川瀬 実は…知っていました。10年くらい前、中学生のときに映画の裏方とか監督を目指していて、映画雑誌のバックナンバーにその活字を見つけたんです。作品を見たことはなかったのですが、「大人って都合のいいものを作るなぁ」というのが正直な感想でした。
――都合のいいもの?
川瀬 ロマンとポルノをくっつけて「芸術です」と言い張ってる、みたいな(笑)。幼かった私としては、そういう解釈だったんです。

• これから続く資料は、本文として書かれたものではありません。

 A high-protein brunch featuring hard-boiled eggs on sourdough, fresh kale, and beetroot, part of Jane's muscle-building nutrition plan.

――映画監督を目指していた少女が、なぜロマンポルノに出ることに?
川瀬 すべてはコロナがきっかけかもしれません。アメリカの大学で映画を学ぶための留学が決まっていたのですが、そのタイミングでコロナが流行り、渡米ビザが下りなくなってしまったんです。そのため昨年、本当にしたいことを考え、フリーランスで女優デビューしました。でも、なかなかオーディションに受からず、自分のあらゆる面をアピールできる地下アイドルのオーディションを受けたら合格したんです。4人組で、担当カラーは赤。偶然ですが、この映画の中でミサが演じる地下アイドルも真っ赤な衣装を着ているんですよ。
父親が“考える人”みたいに固まった
――主役を射止めたオーディションではどんなアピールをした?川瀬 それまでは「自分をよく見せよう」と頑張りすぎていたので、何もアピールしないようにしました。フルオープンになることにはあまり抵抗も覚悟みたいなものもなくて、本音を言えば「オーディションに慣れておこう」くらいの気持ちだったんです(笑)。
――合格の報を聞いてご両親の反応は? 世代的にはロマンポルノをよく知っていると思いますが…。

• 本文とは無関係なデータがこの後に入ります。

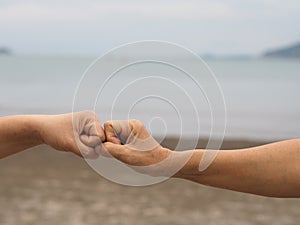 Two woman Alternative handshakes fist clenched hand greeting in the situation of an epidemic covid 19, coronavirus new normal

川瀬 最初はZoomで伝えたんですけど、父はロダンの彫刻「考える人」みたいになっていました。Zoomがフリーズしたのか、ただ固まっているだけなのか分からなくて(笑)。しばらく考えた後、ようやく「そんなにやる気があるんだったら…」と納得してくれました。

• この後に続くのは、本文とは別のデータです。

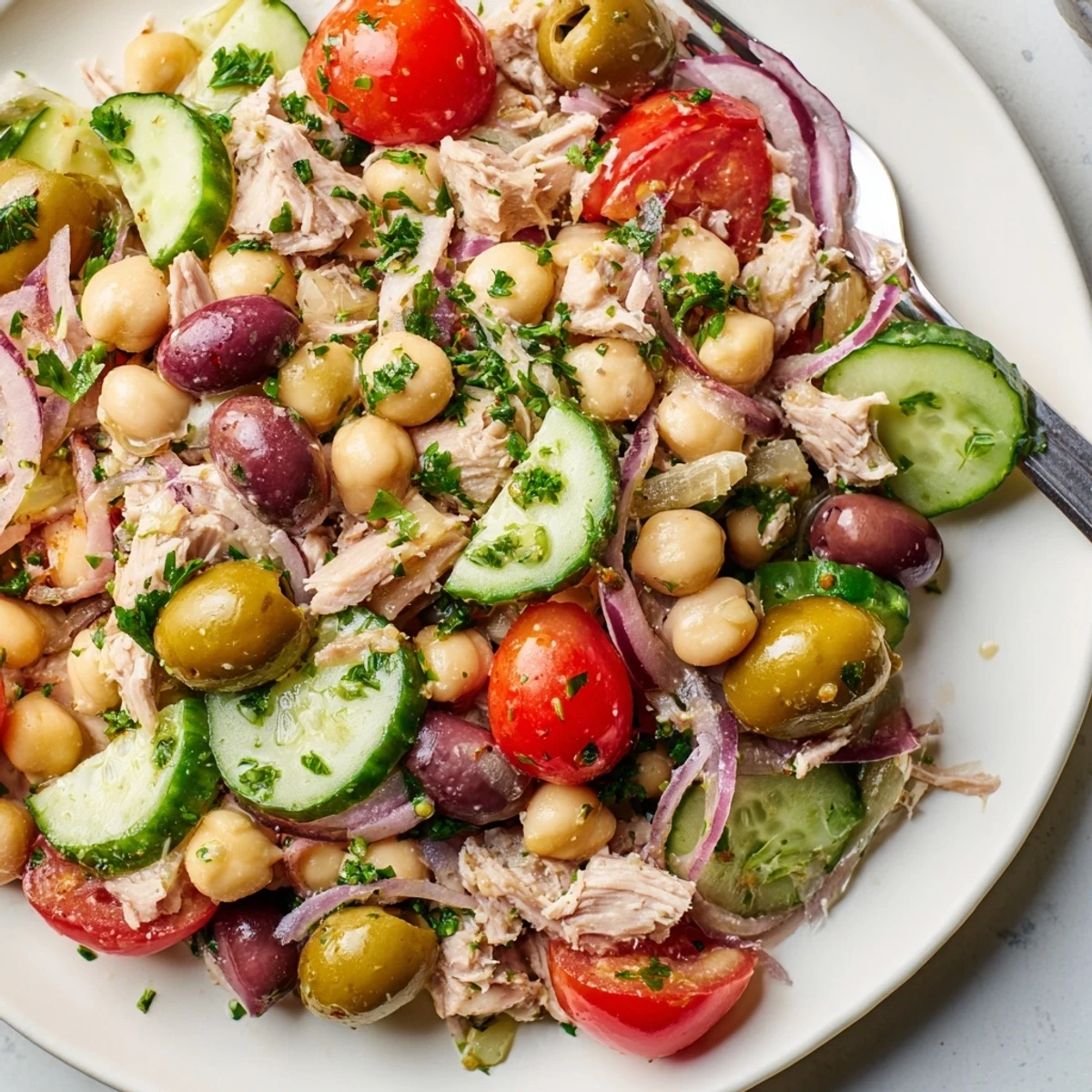 Protein-rich tuna and garbanzo bean salad topped with vibrant parsley and kalamata olives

――撮影が始まって、実際にフルオープンになるシーンはどうでした?
川瀬 率直な感想を言うと「人間はなぜ服を着ているんだろう!?」でした。ファッションとしての服は好きなんですけど、脱いでみて特別何かが変わったということもなくて。人として大切なのは服を着ているか、いないかじゃないんだなと。着飾ることは好きなんですけど、それでも繕えないものが世の中にはあると悟りました。
――なんだか哲学的。ミサは女王様を目指す過程でM女体験もしますが、役作りで苦労したことは?
川瀬 手先があまり器用ではないので、縛りのシーンが不安でした。それで、実際のSMバーに行って女王様の話を聞いたり、どんな人がこの世界に入っていくのかなどを勉強しました。
『Sって世話焼きのことなんだなぁ』
――ご自身はSかMか、と聞かれたら?川瀬 その質問、私生活でもよくされますけど、答えられませんでした。人間てそんなにハッキリと分けられなくない? と思ってしまうので。ただ、女王様役をやって気づいたのは、Mの方との間には信頼関係がないと成り立たないということ。縛る、言葉責めをする、時には放置する…というのもありますが、私には面倒で無理(笑)。相手を思いやる気持ち、ケアする気持ちがないとできないと感じました。Sって、世話焼きのことなんだなぁと思うんです。
――初主演作の企画、監修は髙嶋政宏さん。髙嶋さんといえば著書『変態紳士』がきっかけでSM好きをカミングアウトしたことでも話題になりました。共演してみてどうでしたか?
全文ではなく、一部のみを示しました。